I had no hint of an answer for him, and I shuffled my feet. He then looked somewhat pleased, while regarding me.
“Well, it should be that then.”
“Captain?”
“Since this will now be a critical responsibility for you, Lieutenant, perhaps it ought to be fairly obvious, so that you won’t have any confusion and waste my time.”
“Yes, sir.”
“In this spirit, then, you will look out each morning for a black flag.”
“Pardon me, sir?”
“A black flag. What do you think, Lieutenant? I will affix it on the front of the infirmary. I suspect even you will be able to notice this.”
“I believe I will see it clearly, sir, yes.”
He waited for me to respond further, as if he hoped to provoke me with his choice of sign. But I remained at attention, not meeting his piercing eyes, trying as hard as I could to imagine myself far away from him and this place, perhaps swimming in the quiet sea that lapped the shore of Rangoon.

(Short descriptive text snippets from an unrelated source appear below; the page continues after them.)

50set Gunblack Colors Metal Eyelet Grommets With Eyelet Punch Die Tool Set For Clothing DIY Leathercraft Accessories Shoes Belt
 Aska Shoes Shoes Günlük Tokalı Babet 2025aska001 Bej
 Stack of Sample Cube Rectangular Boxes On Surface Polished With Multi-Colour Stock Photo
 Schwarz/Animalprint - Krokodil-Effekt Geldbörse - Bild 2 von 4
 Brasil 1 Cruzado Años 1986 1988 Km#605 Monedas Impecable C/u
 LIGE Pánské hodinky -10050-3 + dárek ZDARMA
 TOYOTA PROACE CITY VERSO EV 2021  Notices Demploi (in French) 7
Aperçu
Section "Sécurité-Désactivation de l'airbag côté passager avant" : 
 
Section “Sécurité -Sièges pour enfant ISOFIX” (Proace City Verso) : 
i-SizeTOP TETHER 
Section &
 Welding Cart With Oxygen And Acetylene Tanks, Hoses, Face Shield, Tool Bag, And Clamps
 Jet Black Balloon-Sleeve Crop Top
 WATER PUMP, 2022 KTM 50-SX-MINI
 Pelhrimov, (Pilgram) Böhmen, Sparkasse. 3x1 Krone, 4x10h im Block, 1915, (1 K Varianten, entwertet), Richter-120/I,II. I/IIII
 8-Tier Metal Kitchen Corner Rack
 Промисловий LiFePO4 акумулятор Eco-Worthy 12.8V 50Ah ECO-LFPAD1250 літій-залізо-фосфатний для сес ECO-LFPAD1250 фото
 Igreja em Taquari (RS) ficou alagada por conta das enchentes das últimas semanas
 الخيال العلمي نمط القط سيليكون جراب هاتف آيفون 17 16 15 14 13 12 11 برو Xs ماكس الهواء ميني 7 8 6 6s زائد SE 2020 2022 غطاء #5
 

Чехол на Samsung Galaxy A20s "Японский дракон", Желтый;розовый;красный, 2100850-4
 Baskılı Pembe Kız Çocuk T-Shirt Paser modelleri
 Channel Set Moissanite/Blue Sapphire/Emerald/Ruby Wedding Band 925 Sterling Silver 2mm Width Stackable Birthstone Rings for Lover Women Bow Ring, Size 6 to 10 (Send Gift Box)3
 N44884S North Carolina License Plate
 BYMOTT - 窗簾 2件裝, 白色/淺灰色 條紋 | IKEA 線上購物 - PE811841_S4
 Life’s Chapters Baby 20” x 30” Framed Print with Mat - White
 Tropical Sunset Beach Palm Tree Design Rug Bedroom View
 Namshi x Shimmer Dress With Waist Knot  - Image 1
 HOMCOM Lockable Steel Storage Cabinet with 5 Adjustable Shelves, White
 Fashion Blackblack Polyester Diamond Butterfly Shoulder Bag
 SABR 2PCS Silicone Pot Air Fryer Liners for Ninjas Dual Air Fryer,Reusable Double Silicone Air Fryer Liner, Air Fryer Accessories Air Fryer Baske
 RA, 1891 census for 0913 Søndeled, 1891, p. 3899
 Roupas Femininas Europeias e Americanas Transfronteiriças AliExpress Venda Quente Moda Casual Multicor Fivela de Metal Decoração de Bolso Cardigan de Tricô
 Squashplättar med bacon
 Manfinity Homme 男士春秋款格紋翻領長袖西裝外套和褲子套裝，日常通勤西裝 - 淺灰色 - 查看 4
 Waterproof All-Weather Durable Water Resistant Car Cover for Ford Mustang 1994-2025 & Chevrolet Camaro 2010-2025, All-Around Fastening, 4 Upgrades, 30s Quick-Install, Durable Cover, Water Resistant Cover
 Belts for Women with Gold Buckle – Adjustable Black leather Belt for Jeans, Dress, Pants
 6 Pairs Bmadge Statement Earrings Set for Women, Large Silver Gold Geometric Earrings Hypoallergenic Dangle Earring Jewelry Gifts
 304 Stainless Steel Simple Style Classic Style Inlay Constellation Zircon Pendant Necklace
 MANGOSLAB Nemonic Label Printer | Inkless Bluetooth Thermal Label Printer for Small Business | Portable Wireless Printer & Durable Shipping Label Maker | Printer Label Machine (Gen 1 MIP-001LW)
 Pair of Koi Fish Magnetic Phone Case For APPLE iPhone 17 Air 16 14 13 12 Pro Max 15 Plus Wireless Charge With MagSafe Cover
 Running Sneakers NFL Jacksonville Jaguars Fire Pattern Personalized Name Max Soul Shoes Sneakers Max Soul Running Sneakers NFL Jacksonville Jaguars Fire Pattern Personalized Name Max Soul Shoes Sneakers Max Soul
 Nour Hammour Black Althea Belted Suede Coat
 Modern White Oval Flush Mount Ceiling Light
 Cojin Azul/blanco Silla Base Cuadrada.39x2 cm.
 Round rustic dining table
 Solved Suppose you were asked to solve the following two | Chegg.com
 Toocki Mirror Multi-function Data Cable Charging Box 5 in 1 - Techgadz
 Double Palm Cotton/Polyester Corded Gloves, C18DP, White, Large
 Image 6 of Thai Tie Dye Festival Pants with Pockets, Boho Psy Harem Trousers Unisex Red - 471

I had been thinking lately of that posting, which was mostly a last, brief R&R for us as we awaited transport to a more forward base. I remembered having the thought then in the glowing dusk on the beach that the war, oddly enough, was not so awful; that a young man uncertain of himself could find meaning amidst the camaraderie of his fellows working in such shared purpose, and that in fact there was no truer proving time for which he could hope. And yet it seemed everything fell away whenever Captain Ono addressed me, all my carefully built-up perception of things, and in the sorry depletion I could feel the searing, rising surges of what must be pure enmity. I have never quite shown this expression, and I did not then with Captain Ono.
“Look for it, Lieutenant Kurohata,” he finally said, and with a flit of his surgeon’s hand he turned and left me.